Dentro de la complejidad cultural mesopotámica, Misiones tiene sus propios dos submundos, uno de ellos desarrollado a la vera de la ruta provincial 2 y otro junto a la RN 12. La primera bordea el río Uruguay limitando con Brasil, país cuya influencia cultural se nota en el acento de muchos habitantes, la mayoría bilingües, en las formas del cultivo arando la tierra con bueyes y en platos como los porotos de la feijoada (el regreso se puede hacer por esta ruta).
Mientras tanto en la RN 12 la influencia paraguaya y guaraní es notable. Además los inmigrantes de esta zona son en su mayoría descendientes de suizos, alemanes y daneses. El acento tiende al paraguayo y muchos hablan guaraní. Aquí no se plantan porotos como en el límite con Brasil, sino maíz y mandioca –típicos del Paraguay– con los que se preparan el reviro, el chipá guazú y la sopa paraguaya (que no es sopa sino budín). Junto a la ruta se ven iglesias luteranas, la tierra se ara con tractorcitos y en las chacras los campesinos tienen sus cosas “a lo chamamé”: desordenadas en galpones donde amontonan herramientas de trabajo, tractores oxidados y el producto de la última cosecha.
“La 12” retoma su rumbo norte y en el kilómetro 1519 decidimos explorar la ciudad de Montecarlo, descansando en unas cabañas junto a un arroyo entre la selva. Optamos por La Misionerita, un complejo sobre una lomada con vista al arroyo Itá Curuzú, que actualmente está cerrado por un período de refacción.
Desde Montecarlo visitamos el Salto Encantado, a 80 kilómetros, y los Saltos de Moconá, a 190 kilómetros.

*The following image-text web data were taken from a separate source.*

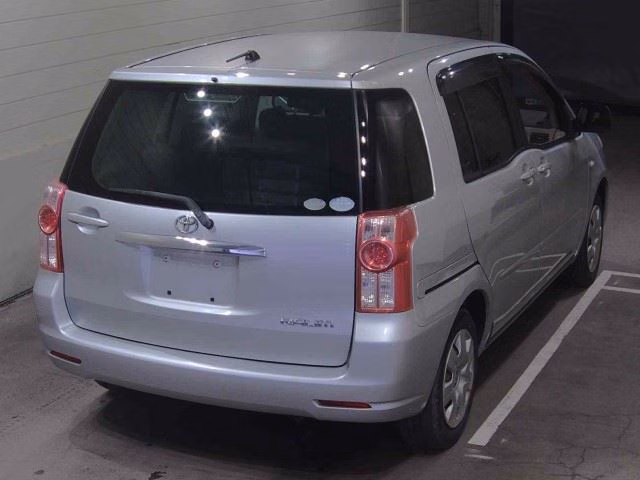 TOYOTA RAUM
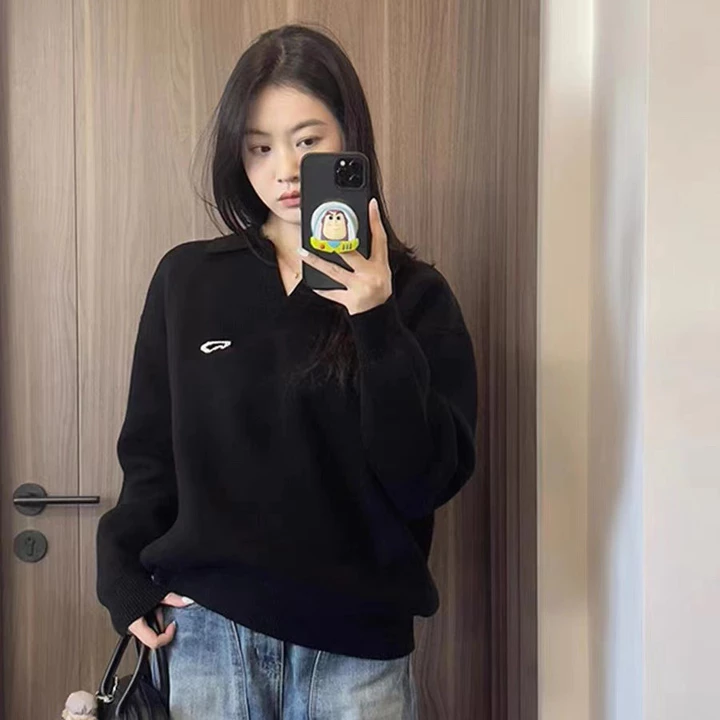 Áo len Cashmere Nữ đầu thu chữ cái mới áo len jacquard áo len chui đầu màu đen áo len dệt kim phiên bản Hàn Quốc của hàng trăm dáng rộng với áo len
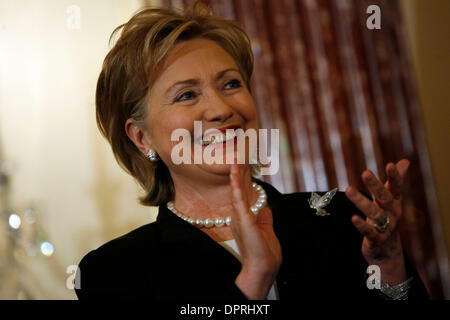 Feb 02, 2009 - Washington, District de Columbia, Etats-Unis - Hillary Clinton est assermenté à titre de 67e Secrétaire d'État des États-Unis. (Crédit Image : © James Berglie/ZUMA Press) Banque D'Images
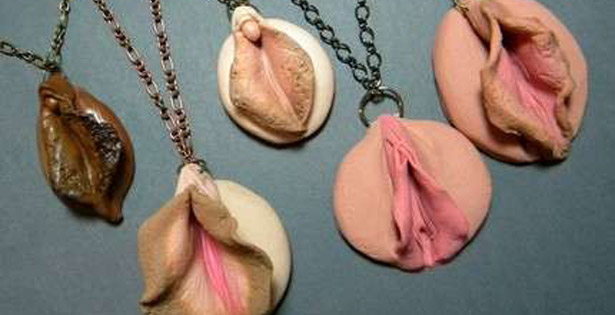 vagina-necklace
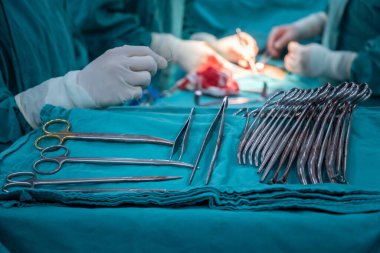 Ameliyathanede cerrahi operasyonlarda kullanılan bir grup cerrahi gereç. Hastalara bakımı sağlamak için bir ameliyathane tasarlanabilir ve donanımlı olabilir.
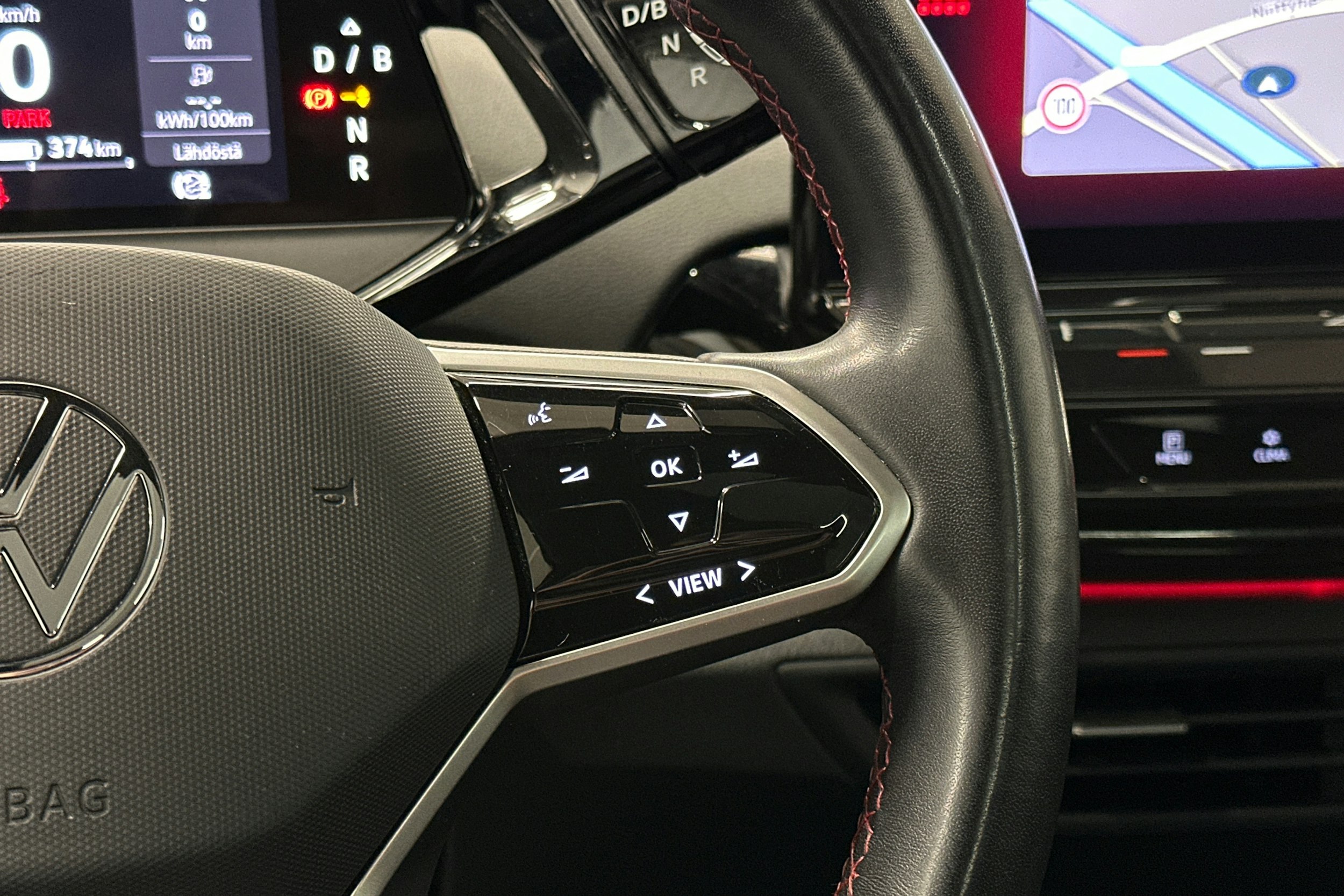 musta Volkswagen ID.4 2023 kuva 21.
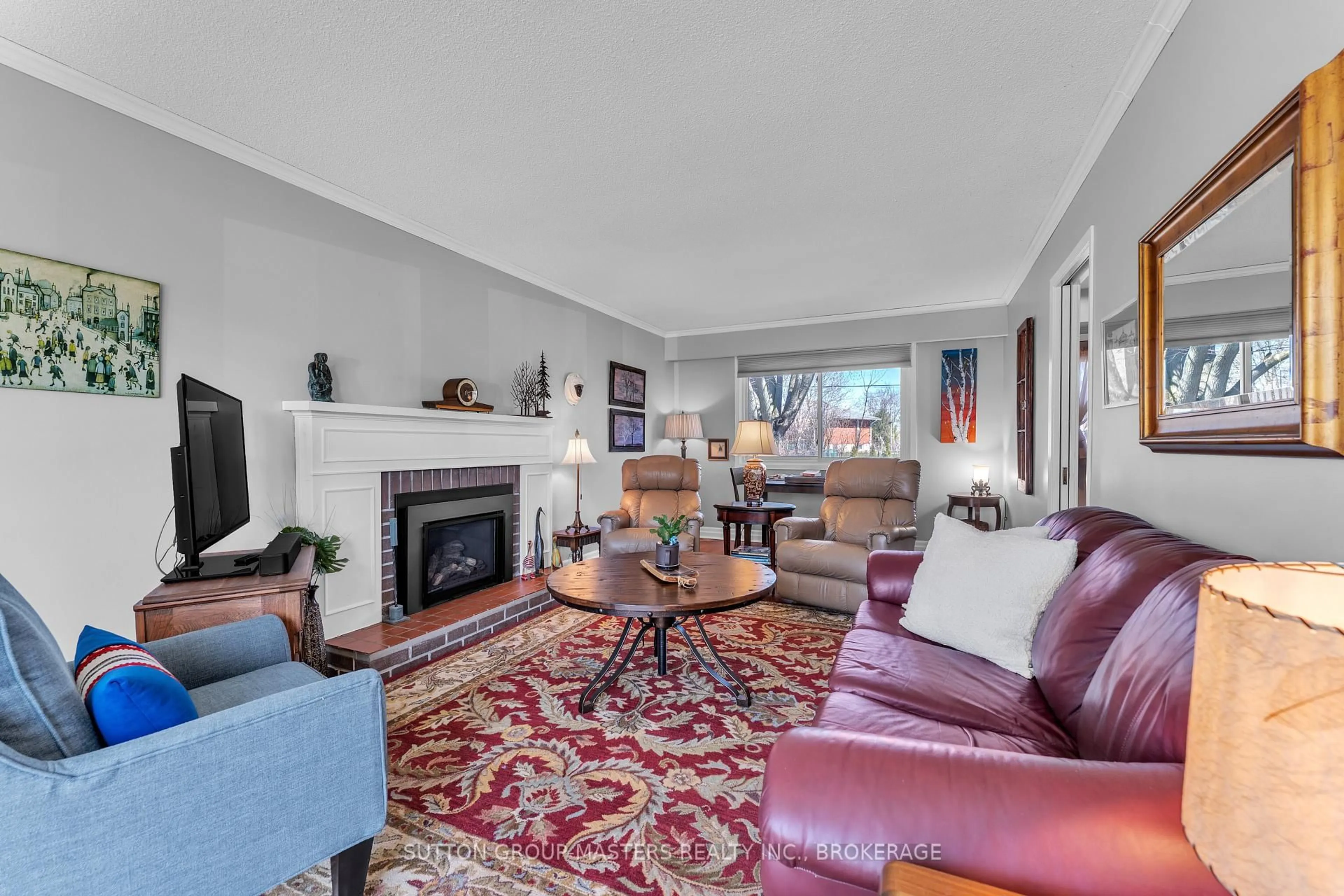 Living room with furniture, unknown for 162 Chelsea Rd, Kingston Ontario K7M 3Y8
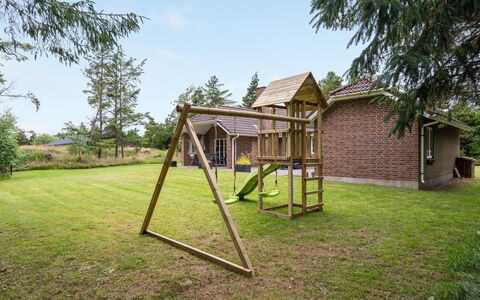 Hjalmsvider - 1Km from the Sea: Huis, Huis, Dak, Woongebied, Verblijf, Landgoed, Boerderij, Gazon, Landscaping, Siding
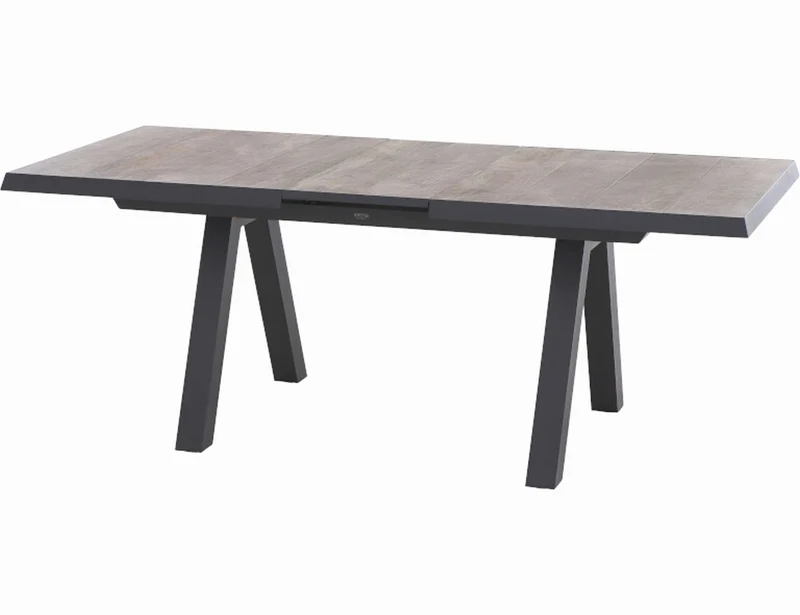 Ausziehtisch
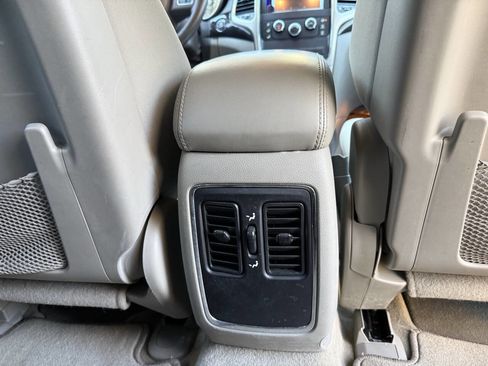 Used 2011 Jeep Grand Cherokee Laredo image 21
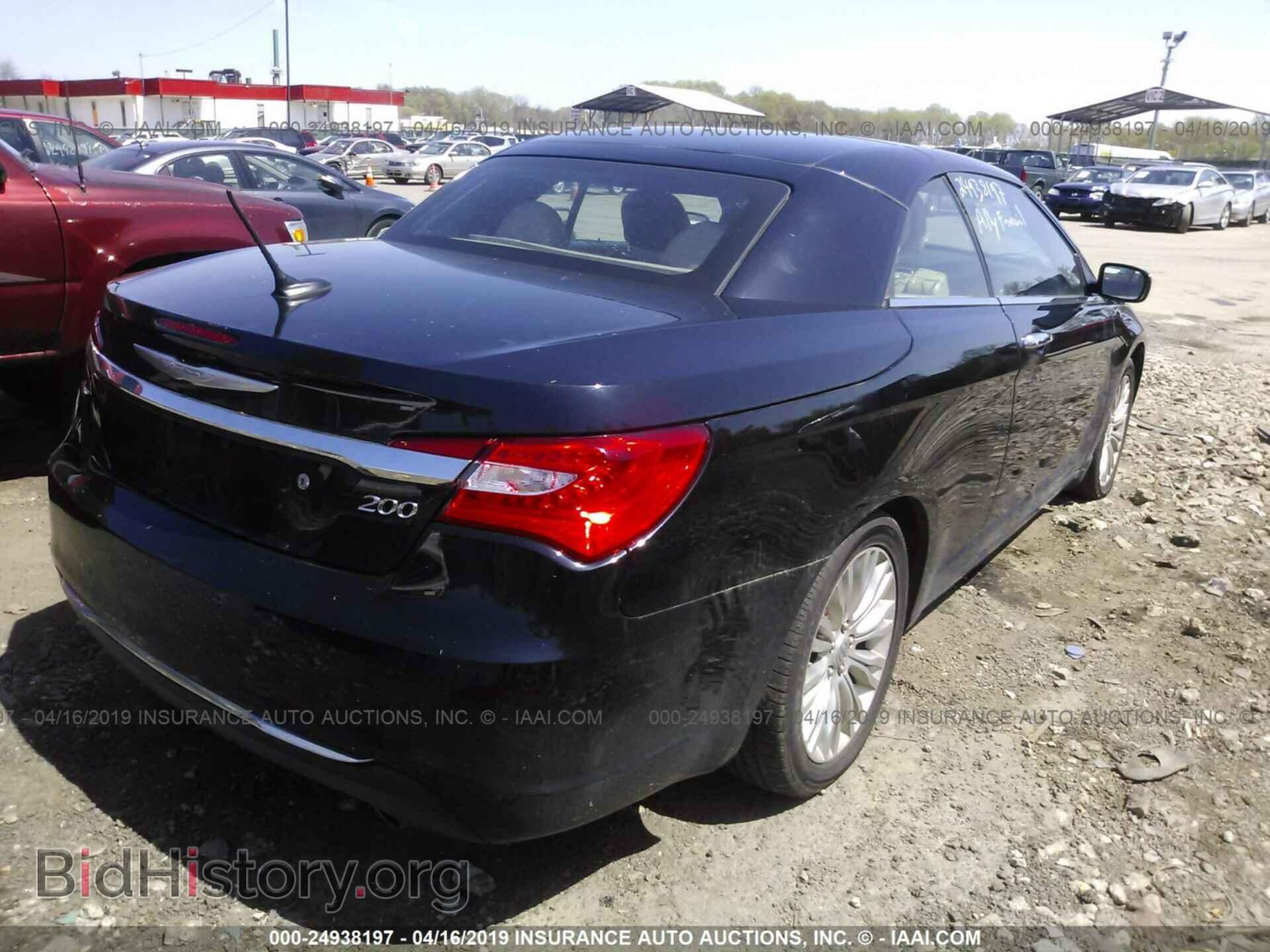 2011 CHRYSLER 200 - VIN: 1C3BC7EG4BN546132 - Photo 4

Una tarde la dedicamos a cabalgar por la selva en las afueras del pueblo cercano a Montecarlo llamado Caraguataí, donde Mariela Seifert organiza salidas a caballo. El punto de partida es el establecimiento agrícola de la familia Seifert, de origen alemán. Salimos con Mariela a la cabeza y cabalgamos una hora entre grandes árboles, avistando toda clase de orquídeas y helechos gigantes. Nuestra guía cuenta que es veterinaria equina, además cría y vende caballos de pato, su deporte favorito. La idea surgió de la confluencia de dos factores: “Mantener una selva virgen no es negocio a menos que la tales, y criar caballos tampoco es redituable. Entonces mantuve mi selva y llevo turistas a cabalgar en ella”. Los senderos caracolean por la selva y atravesamos plantaciones de yerba y pinos, bordeando un arroyo donde desensillamos para darnos un chapuzón.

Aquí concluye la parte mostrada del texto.